WORK REQUIRED:
All lines in the data bearing the string "with" should be identified and copied.

- - -

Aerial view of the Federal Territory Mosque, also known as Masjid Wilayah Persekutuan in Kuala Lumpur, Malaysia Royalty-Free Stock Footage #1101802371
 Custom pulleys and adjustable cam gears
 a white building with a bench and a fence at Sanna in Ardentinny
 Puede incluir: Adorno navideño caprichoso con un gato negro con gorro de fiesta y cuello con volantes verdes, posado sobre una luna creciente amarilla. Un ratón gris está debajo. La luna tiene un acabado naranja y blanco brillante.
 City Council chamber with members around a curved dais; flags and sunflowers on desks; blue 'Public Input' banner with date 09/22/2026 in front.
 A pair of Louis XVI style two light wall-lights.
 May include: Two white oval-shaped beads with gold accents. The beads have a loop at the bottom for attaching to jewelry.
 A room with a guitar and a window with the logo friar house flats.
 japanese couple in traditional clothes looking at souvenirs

- - -

RESPONSE FOR THIS EXERCISE:
 a white building with a bench and a fence at Sanna in Ardentinny
 City Council chamber with members around a curved dais; flags and sunflowers on desks; blue 'Public Input' banner with date 09/22/2026 in front.
 May include: Two white oval-shaped beads with gold accents. The beads have a loop at the bottom for attaching to jewelry.
 A room with a guitar and a window with the logo friar house flats.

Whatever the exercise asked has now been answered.